WORK INSTRUCTION:
Starting with the line below that holds "FOUR PIECES OF" and stopping after the line that holds "Steampunk Grim Reaper", transcribe the lines exactly, leaving out all pictures.

INPUT DATA:

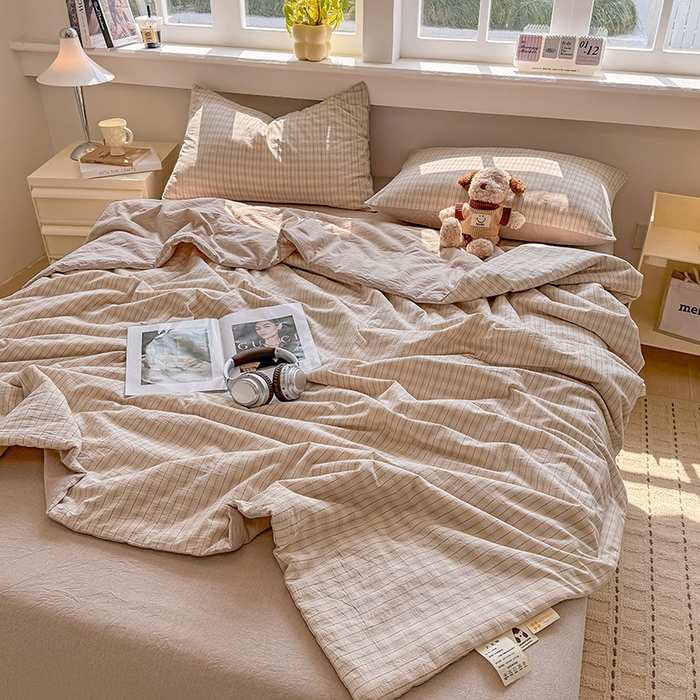 91家纺网 家纺一手货源 找家纺 梦依依 2026新款全棉色织水洗棉大豆被四件套系列 柠檬卡其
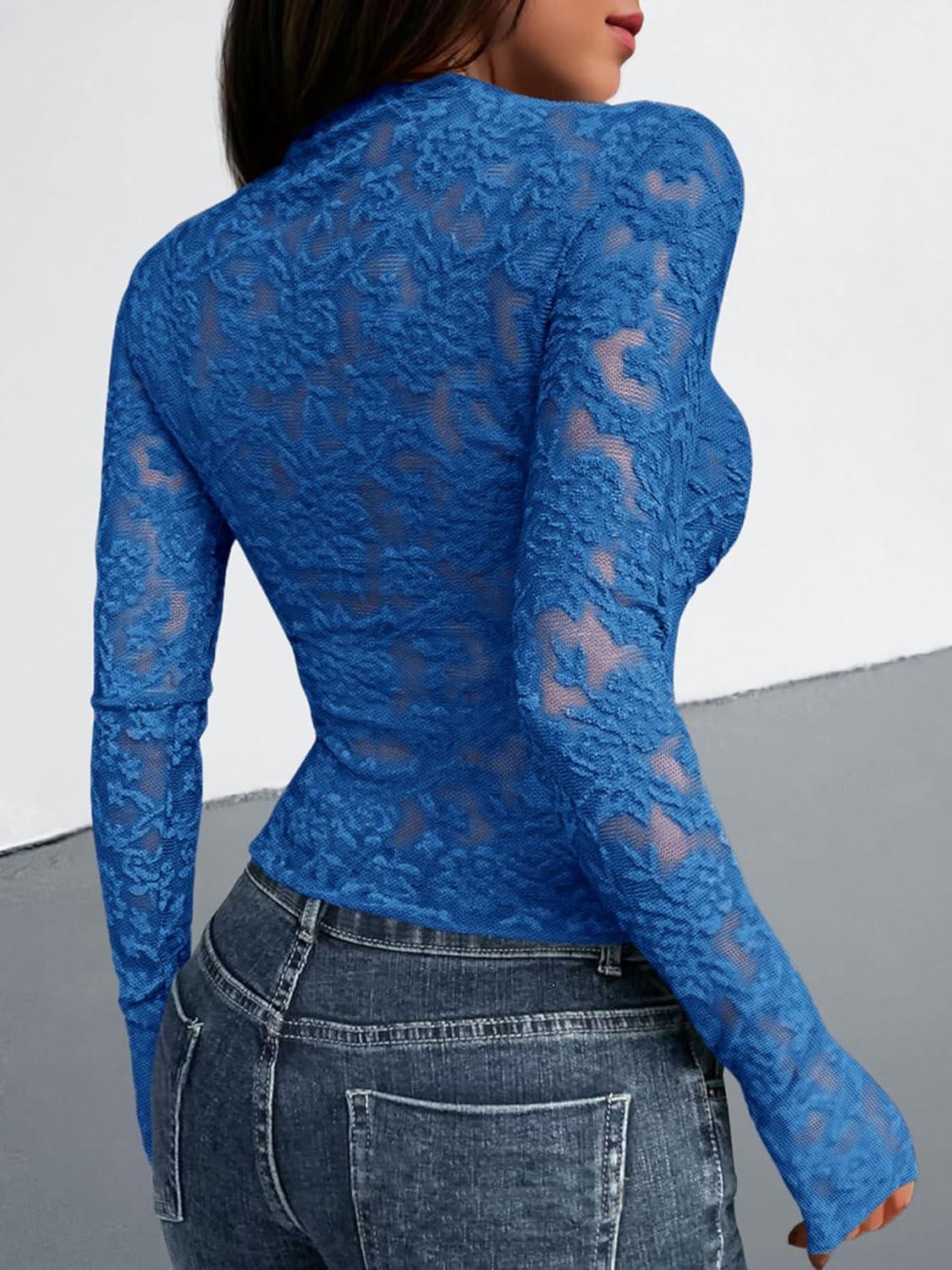 imageBTFBM Mesh Long Sleeve Tops for Women Lace Sexy Sheer Tight See Through Crew Neck Spring Fall 2026 Party Club OutfitsRoyal Blue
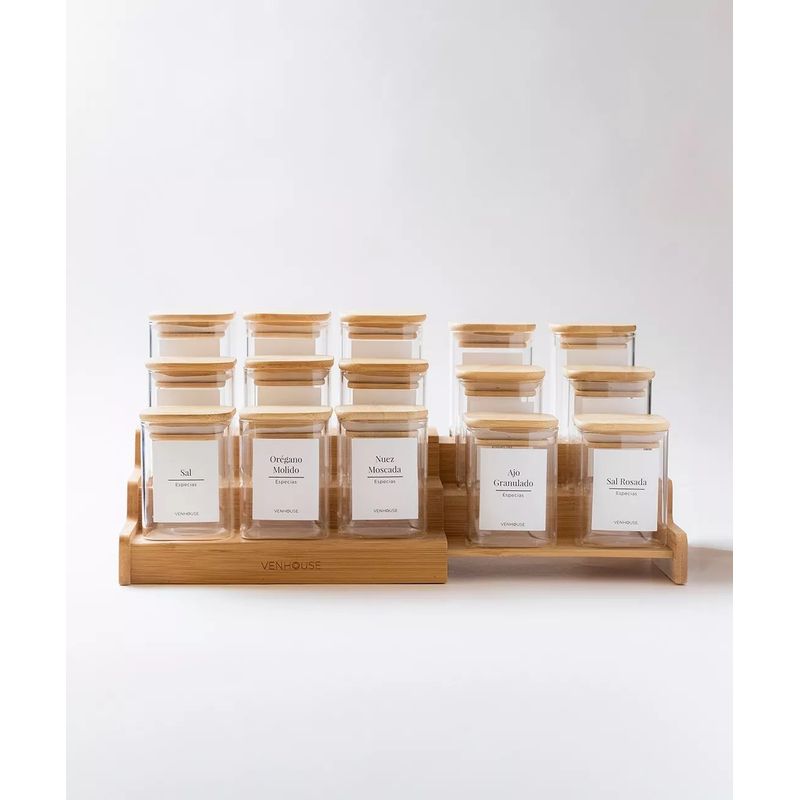 GENERICO - Especiero Cocina 15 Frascos Cuadrado Vidrio Bambú Rack Etiqueta Blanca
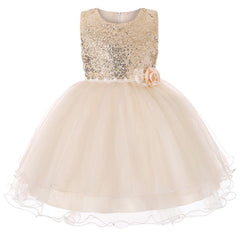 Flower Girl Dresses Sequin Princess Wedding Birthday Holiday Party Formal Graduation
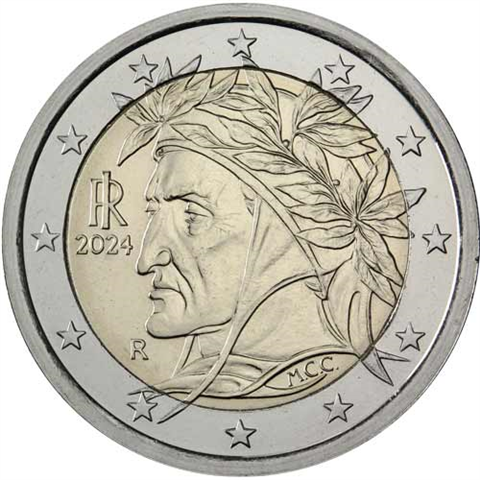 Italien-2Euro-2024-Kursmünze-Dante-RS
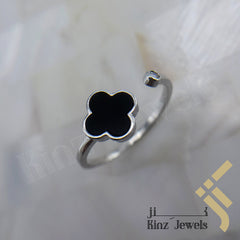 Sterling Silver Free Size Black Enamel Flower Rhodium Vermeil Ring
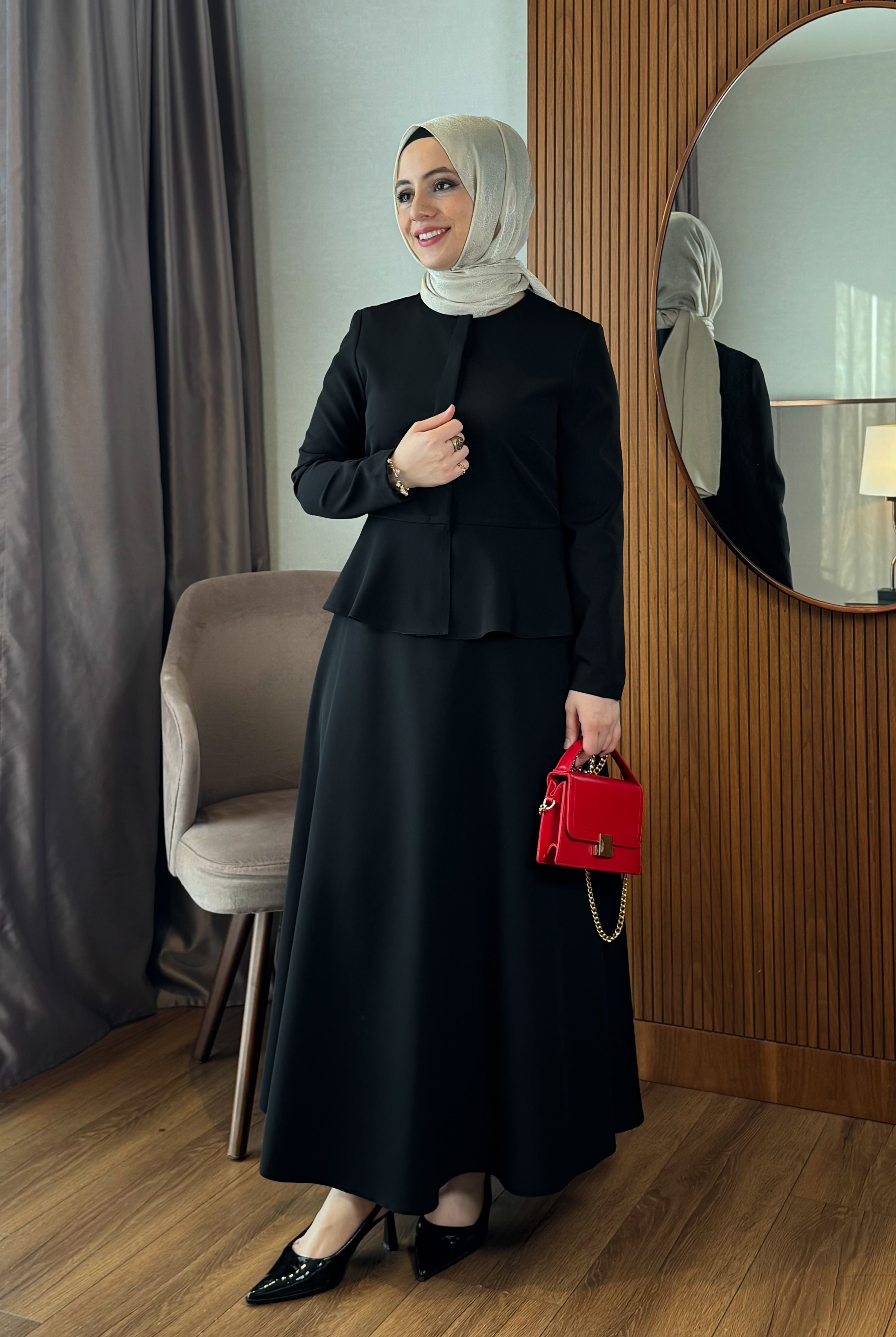 Peplum Ceketli Yarım Kloş Etek Takım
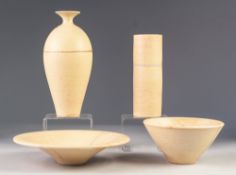 FOUR PIECES OF MODERN STUDIO POTTERY IN MATCHING OATMEAL GLAZE, comprising: TWO VASES and TWO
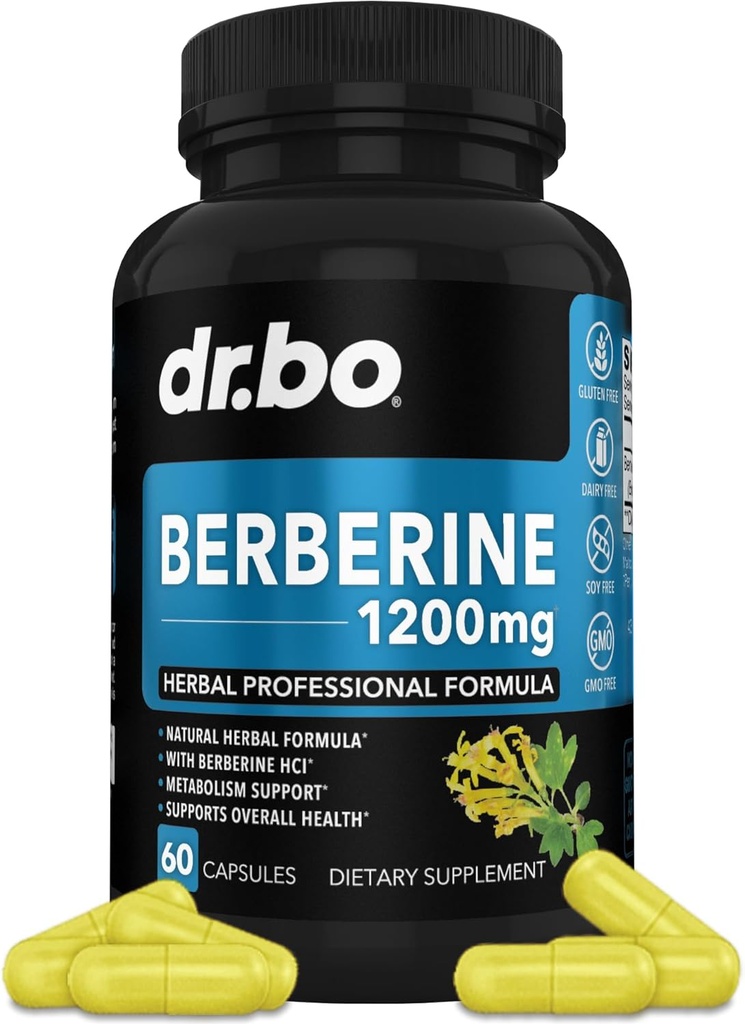 Berberine Supplement Capsules - Sağlıklı Metabolik Destek için 1200 mg Berberine HCL Supplement - Kadınlar ve Erkekler için Premium Doğal Kompleksi, Pure Support Capsules Supplements - 60 Pills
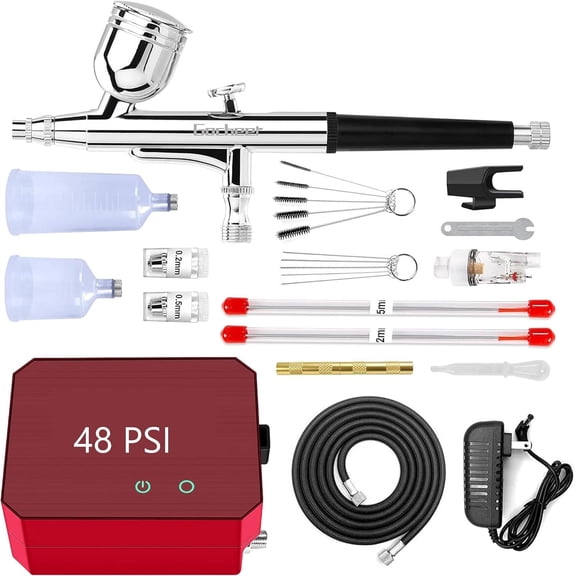 Airbrush Kit with Air Compressor, 48 PSI High Pressure Air Brush Non-Clogging with 0.2/0.3/0.5mm Nozzle/Cleaning Sets, Ideal for Painting, Modeling, Cake Decor, Pastry, Makeup (Red)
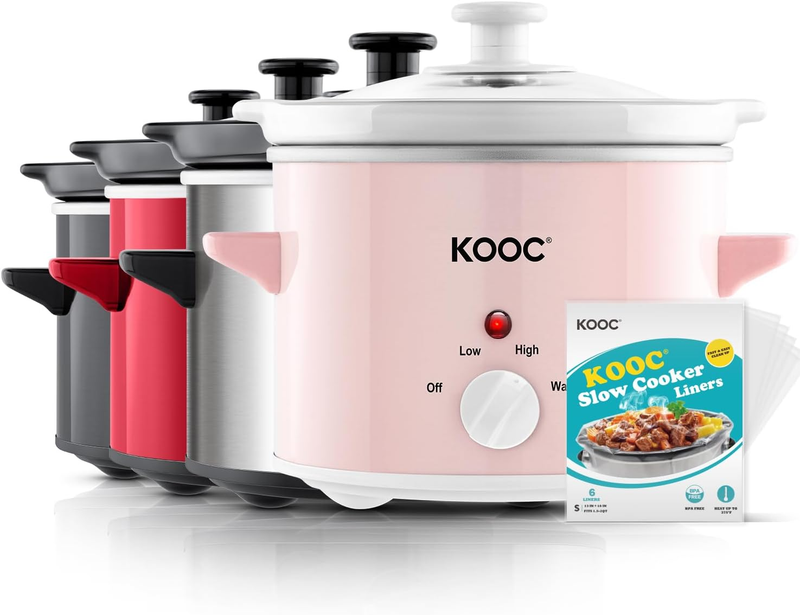 Small Slow Cooker, 2-Quart, Free Liners Included for Easy Clean-Up, Upgraded Cer8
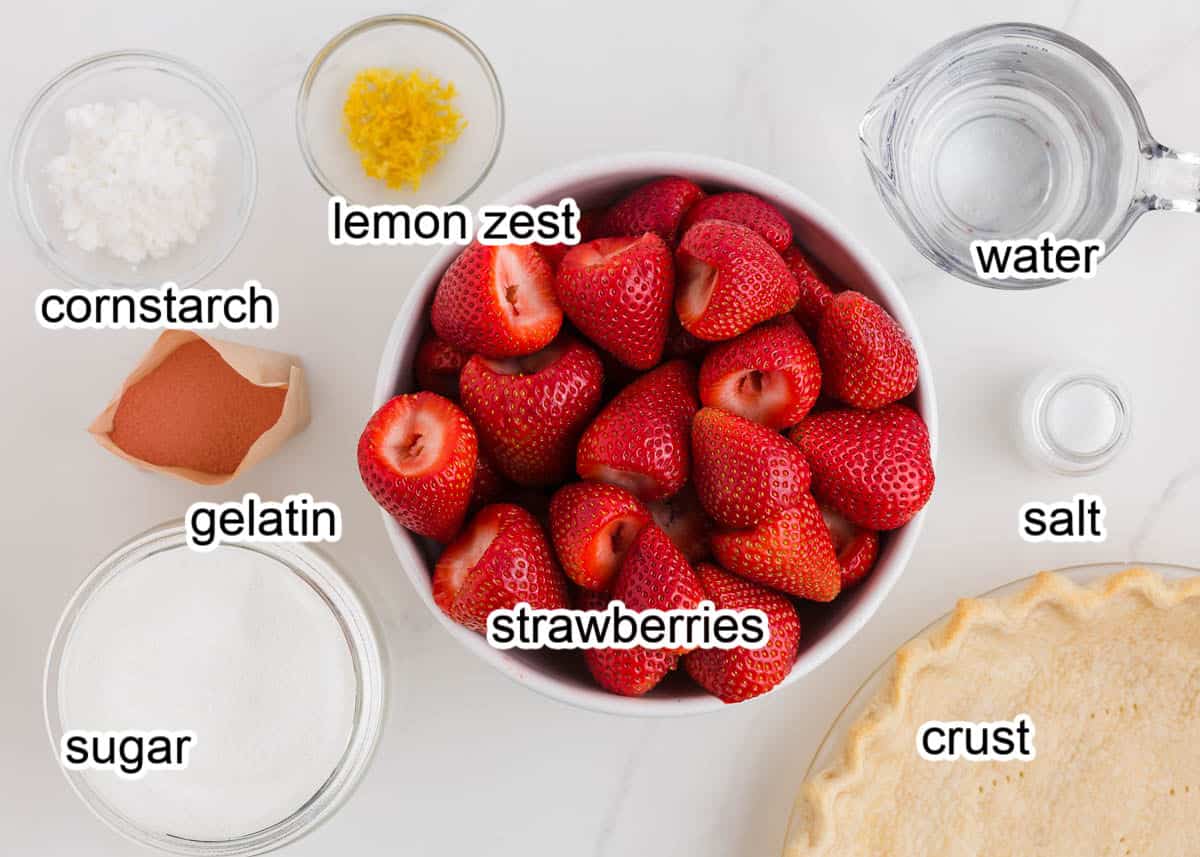 Ingredients for strawberry pie recipe. 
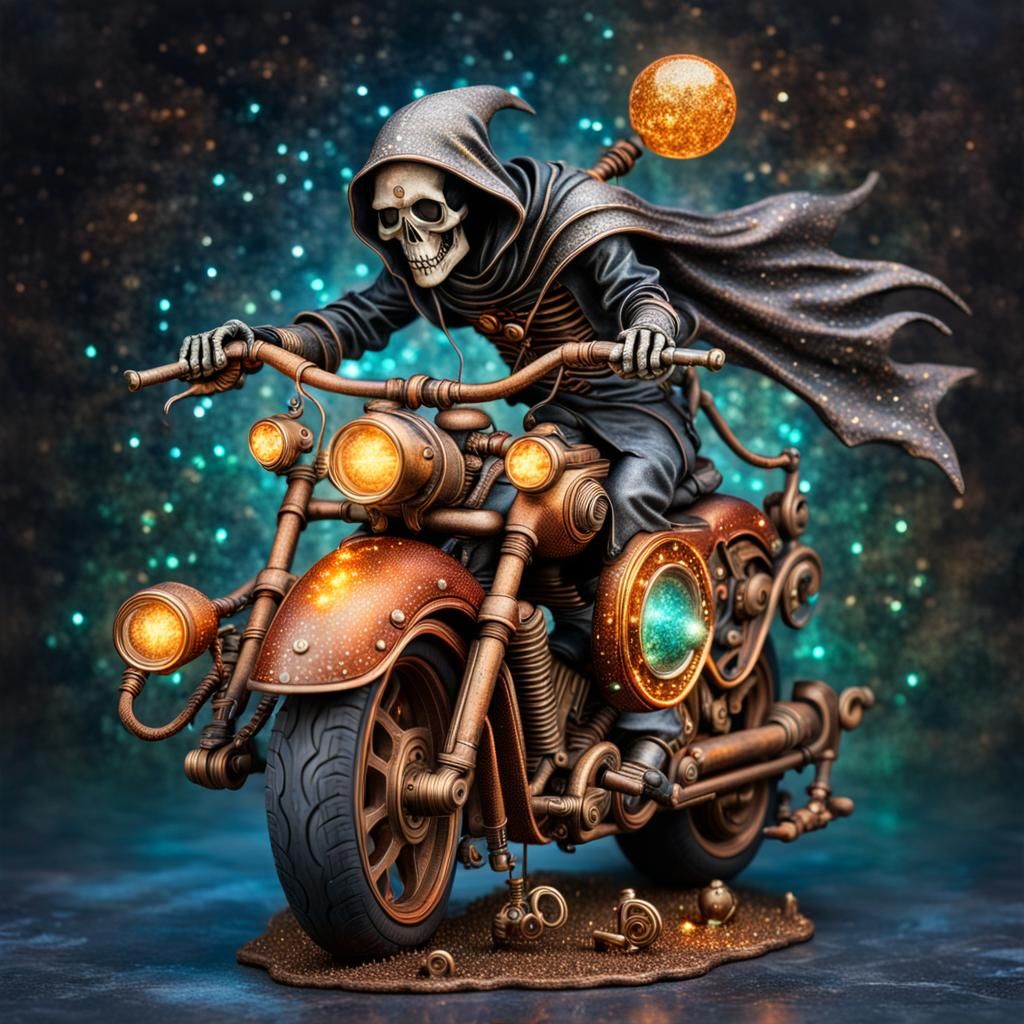 Steampunk Grim Reaper on Motorcycle in Surreal Style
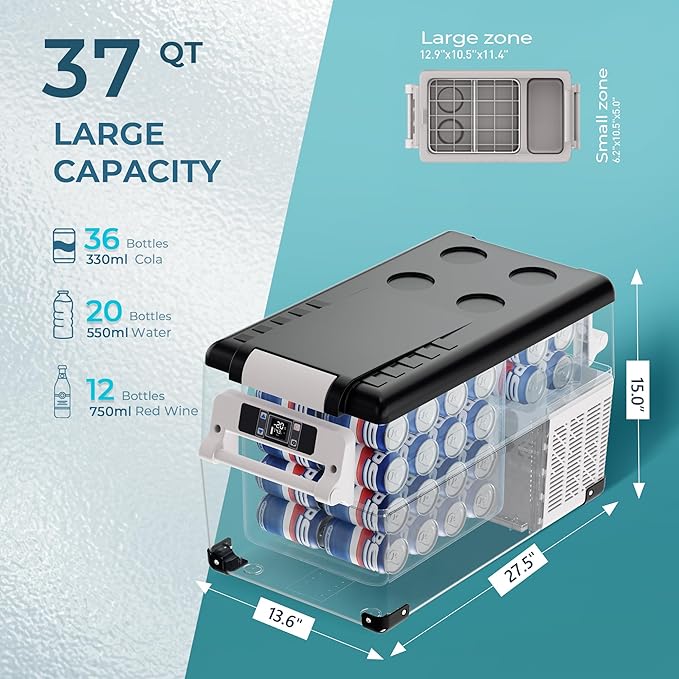 EUHOMY 12 Volt Refrigerator, 38QT(35L) Electric Cooler, 12V Fridge APP Control, 12V Cooler -4℉~68℉, Portable Freezer 12/24V DC 110-240V AC for Camping, Travel, Truck, Home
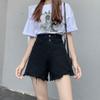 Classic and Minimalist Fashion Versatile Black Female Summer Loose High-waisted Thin Outside Wearing Broken Holes Wide-legged A Word Denim Shorts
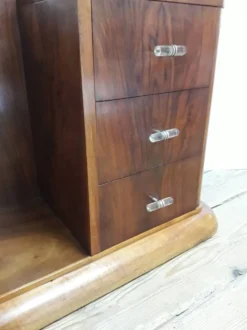Coiffeuse Art Déco noyer massif placage 3 tiroirs miroir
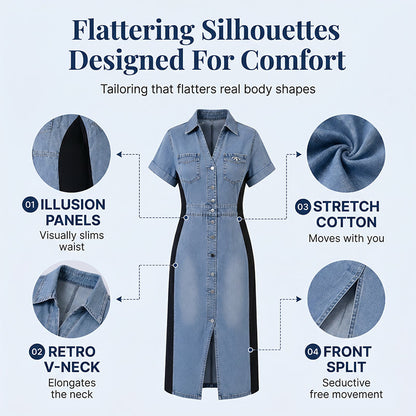 Denim Dress Slimming Contrast Color Midi Dress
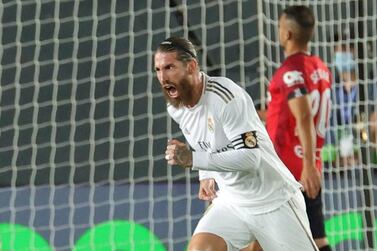 Real Madrid's Sergio Ramos celebrates after scoring the second goal against Mallorca. EPA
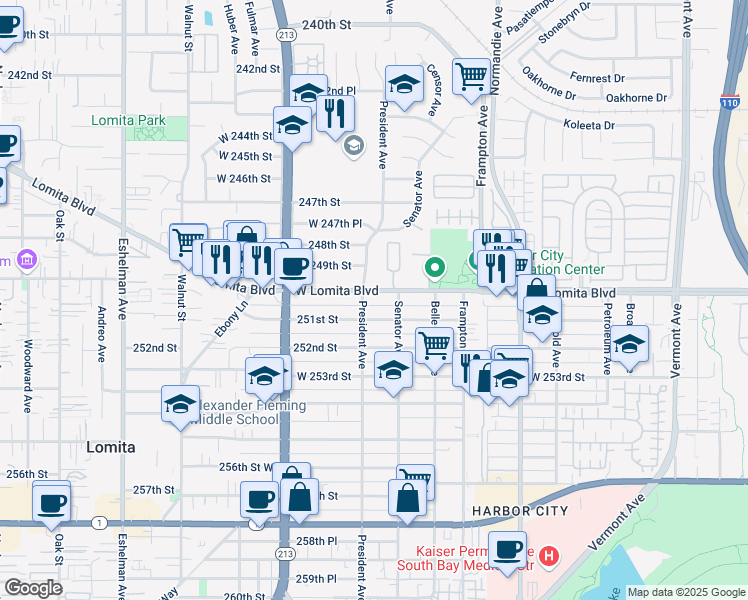 map of restaurants, bars, coffee shops, grocery stores, and more near 1535 Lomita Boulevard in Los Angeles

REPLY TO THE TASK:
 FOUR PIECES OF MODERN STUDIO POTTERY IN MATCHING OATMEAL GLAZE, comprising: TWO VASES and TWO
 Berberine Supplement Capsules - Sağlıklı Metabolik Destek için 1200 mg Berberine HCL Supplement - Kadınlar ve Erkekler için Premium Doğal Kompleksi, Pure Support Capsules Supplements - 60 Pills
 Airbrush Kit with Air Compressor, 48 PSI High Pressure Air Brush Non-Clogging with 0.2/0.3/0.5mm Nozzle/Cleaning Sets, Ideal for Painting, Modeling, Cake Decor, Pastry, Makeup (Red)
 Small Slow Cooker, 2-Quart, Free Liners Included for Easy Clean-Up, Upgraded Cer8
 Ingredients for strawberry pie recipe. 
 Steampunk Grim Reaper on Motorcycle in Surreal Style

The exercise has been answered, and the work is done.